The furniture industry experienced little change in May, as new orders, shipments, and backlogs were essentially flat. Respondents expect, at worst, some lengthening of delivery times over the next six months. There is no indication of more than some isolated lengthening of lead time in the paper and paper products lines. Lengthening lead times in some lines and more aggressive selling, suggesting weak sales in others, seem to typify the situation.
Among primary metals producers and users, no problems are currently being experienced nor are any anticipated in the immediate future. Contacts with industry personnel turned up several comments about capacity limitations and possible difficulties developing as early as the fourth quarter; but even in these cases, no serious problems are expected. As in other industries, there has been some extension of lead time and may be more, but this is apparently not viewed as serious either by producers or users. Producers of electrical equipment and supplies report some delays in obtaining supplies, particularly electrical components, but here again the problems are not considered serious.
So far as potential supply bottlenecks are concerned, the major uncertainty among District producers is with regard to the availability of energy, particularly electricity and natural gas, over the coming months. The failure of projected shortages to develop so far has eased some of the concern but perhaps intensified the uncertainty, particularly among industries heavily dependent on these types of energy.

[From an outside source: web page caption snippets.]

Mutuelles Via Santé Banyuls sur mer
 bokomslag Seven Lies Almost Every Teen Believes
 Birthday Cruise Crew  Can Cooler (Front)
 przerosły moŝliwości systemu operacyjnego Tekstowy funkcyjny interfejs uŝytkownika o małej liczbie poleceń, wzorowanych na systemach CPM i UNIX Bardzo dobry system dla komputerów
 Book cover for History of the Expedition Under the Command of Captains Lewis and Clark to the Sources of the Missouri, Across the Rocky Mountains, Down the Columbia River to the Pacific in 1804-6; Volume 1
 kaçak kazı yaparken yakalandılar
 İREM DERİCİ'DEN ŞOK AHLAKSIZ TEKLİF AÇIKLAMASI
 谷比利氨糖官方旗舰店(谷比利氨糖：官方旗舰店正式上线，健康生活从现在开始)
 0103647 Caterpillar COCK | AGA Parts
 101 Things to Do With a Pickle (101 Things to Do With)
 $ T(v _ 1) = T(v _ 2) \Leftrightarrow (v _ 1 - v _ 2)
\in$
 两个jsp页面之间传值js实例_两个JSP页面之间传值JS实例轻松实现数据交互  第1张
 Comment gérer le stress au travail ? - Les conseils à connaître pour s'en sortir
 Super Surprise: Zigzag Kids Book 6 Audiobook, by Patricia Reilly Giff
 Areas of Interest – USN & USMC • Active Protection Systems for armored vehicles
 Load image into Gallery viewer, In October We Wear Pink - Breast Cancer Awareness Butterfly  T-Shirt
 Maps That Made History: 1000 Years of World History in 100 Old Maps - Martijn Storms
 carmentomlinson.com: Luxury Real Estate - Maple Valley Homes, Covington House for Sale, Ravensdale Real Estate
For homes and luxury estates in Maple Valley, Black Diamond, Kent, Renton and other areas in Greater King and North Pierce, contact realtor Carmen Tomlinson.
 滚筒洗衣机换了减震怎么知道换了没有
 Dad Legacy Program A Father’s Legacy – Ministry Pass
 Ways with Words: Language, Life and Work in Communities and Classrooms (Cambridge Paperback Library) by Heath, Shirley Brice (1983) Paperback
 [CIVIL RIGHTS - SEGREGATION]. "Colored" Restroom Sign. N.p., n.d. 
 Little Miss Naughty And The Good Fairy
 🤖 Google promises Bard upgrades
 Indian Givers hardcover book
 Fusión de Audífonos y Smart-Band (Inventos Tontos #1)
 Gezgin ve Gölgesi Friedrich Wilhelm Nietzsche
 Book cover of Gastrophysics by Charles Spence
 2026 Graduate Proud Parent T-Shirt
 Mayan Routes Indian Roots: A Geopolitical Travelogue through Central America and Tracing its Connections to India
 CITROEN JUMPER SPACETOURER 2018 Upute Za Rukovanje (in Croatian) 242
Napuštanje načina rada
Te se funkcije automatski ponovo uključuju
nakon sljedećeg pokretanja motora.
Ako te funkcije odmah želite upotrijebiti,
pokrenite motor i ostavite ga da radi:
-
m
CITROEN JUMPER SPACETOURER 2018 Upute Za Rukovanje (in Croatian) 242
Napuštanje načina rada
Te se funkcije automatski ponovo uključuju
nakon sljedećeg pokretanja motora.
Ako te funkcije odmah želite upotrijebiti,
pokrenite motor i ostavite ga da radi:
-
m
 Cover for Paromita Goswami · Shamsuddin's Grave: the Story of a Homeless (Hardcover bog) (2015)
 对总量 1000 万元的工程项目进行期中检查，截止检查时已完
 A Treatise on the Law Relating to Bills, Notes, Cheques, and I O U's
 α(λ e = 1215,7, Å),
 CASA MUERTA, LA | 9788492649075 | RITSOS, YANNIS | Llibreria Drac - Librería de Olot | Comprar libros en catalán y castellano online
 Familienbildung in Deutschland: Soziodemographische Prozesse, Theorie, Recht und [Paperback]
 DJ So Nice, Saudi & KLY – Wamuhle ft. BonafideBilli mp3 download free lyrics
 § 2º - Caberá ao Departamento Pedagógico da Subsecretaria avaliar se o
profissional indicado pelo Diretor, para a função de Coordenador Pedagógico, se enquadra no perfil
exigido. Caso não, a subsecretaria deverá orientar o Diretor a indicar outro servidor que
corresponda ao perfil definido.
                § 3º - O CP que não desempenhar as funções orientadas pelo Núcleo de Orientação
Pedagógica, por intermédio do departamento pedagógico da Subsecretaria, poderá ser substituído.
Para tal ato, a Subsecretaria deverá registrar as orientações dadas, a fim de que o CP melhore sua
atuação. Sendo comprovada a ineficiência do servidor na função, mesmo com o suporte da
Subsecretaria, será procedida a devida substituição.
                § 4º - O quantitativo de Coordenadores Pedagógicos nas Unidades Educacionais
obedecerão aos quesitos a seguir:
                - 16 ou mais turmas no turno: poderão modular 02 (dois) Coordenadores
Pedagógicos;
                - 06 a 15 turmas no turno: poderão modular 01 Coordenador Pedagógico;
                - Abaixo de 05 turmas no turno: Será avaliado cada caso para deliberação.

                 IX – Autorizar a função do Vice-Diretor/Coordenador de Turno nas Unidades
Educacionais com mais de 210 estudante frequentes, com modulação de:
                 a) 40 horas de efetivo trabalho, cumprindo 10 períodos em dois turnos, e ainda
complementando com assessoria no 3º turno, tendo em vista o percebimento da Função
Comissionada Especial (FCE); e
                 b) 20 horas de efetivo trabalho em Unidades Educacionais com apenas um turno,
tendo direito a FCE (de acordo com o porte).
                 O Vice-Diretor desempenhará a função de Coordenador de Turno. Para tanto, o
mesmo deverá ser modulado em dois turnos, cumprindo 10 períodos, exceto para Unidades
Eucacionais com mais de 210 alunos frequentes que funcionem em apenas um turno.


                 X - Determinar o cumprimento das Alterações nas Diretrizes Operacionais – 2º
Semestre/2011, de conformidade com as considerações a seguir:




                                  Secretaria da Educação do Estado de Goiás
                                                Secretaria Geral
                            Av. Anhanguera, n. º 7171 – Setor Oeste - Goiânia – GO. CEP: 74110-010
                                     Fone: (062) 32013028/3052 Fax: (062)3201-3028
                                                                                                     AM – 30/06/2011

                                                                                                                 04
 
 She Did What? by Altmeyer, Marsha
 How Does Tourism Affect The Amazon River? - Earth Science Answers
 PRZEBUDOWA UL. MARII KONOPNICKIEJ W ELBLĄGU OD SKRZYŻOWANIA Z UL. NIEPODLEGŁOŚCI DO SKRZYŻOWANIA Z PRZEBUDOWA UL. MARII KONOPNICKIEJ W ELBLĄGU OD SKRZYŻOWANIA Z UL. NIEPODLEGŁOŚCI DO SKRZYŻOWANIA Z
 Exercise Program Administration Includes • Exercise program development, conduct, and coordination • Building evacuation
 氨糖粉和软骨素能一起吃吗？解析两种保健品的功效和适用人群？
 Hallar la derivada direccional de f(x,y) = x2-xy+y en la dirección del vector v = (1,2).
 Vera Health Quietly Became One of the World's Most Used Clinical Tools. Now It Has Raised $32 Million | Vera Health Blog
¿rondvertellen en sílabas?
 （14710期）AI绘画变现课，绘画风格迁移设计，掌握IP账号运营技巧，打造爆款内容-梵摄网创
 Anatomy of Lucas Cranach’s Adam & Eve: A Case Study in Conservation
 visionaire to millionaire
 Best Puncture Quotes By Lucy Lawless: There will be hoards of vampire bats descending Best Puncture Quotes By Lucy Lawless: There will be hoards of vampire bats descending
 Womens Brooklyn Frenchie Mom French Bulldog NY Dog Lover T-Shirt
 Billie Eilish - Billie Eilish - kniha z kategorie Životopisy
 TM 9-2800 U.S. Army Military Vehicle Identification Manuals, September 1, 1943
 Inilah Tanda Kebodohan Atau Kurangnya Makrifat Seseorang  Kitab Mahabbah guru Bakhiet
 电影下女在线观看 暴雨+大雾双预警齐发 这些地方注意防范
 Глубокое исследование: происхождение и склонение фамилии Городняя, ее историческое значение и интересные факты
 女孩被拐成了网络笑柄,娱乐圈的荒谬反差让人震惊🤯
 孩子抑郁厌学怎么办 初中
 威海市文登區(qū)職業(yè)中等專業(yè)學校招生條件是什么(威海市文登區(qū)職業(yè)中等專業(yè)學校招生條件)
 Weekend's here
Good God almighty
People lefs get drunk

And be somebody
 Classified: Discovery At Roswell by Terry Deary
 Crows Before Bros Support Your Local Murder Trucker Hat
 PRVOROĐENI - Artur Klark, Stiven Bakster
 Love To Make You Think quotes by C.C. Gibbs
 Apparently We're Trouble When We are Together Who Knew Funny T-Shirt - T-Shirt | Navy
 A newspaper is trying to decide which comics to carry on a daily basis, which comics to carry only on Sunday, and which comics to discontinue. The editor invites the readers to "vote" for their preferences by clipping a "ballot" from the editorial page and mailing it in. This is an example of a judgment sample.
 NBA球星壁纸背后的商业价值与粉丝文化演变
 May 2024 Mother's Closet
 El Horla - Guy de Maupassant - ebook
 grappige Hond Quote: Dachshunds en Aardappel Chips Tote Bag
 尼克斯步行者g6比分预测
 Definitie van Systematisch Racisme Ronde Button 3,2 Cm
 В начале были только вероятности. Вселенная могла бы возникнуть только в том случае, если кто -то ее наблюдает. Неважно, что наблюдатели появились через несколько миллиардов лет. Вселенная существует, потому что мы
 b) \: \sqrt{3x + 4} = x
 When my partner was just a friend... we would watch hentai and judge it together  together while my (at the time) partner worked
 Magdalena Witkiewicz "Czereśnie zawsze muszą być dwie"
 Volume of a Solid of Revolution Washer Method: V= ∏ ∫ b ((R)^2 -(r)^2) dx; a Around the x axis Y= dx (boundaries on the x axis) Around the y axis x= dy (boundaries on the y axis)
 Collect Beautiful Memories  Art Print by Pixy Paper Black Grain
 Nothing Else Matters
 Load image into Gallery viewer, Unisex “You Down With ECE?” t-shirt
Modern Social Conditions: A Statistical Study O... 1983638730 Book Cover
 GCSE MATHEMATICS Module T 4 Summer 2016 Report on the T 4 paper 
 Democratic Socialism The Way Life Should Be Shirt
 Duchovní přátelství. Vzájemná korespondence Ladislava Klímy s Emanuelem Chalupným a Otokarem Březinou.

Retailers responding to our latest survey report a relatively flat month in May. There was little change reported in sales and sales of big-ticket items. Relative total sales held steady. Inventory increases were reported by most retailers, and a majority now view current inventory levels as excessive. Prices, including employee compensation, continued to rise, but this too was less common than in recent months. Retailers remain essentially optimistic, although not to the extent noted in the first quarter. Despite the rather flat performance in May, retailers expressed little disappointment. They seemed resigned to the fact that sales could not possibly continue to grow at recent rates. Unit sales remain well above year-ago levels, despite unusual weather and higher prices. Specific comments from survey respondents suggest that sales are firm at all price points but that the consumer retains an eye for quality.
In the banking sector, business lending at large Fifth District banks has declined about 2 percent so far this year. In a mid-May survey, one-half of the respondents reported no change in the strength of business loan demand over the past three months. One-third reported demand moderately stronger, while one-sixth reported it weaker. Respondents expect loan demand to be unchanged to moderately stronger during the current quarter.
District farmers' cash income from farm marketings during the first quarter of 1976 was up about 2 percent over the same period in 1975, compared with a 10-percent gain nationally. Smaller acreage and weather-reduced yields per acre have combined to cut the winter wheat crop 23 percent below a year ago—a much sharper decline than that forecast for the nation. Spring freeze damage reduced 1976 peach prospects sharply in all District states except South Carolina.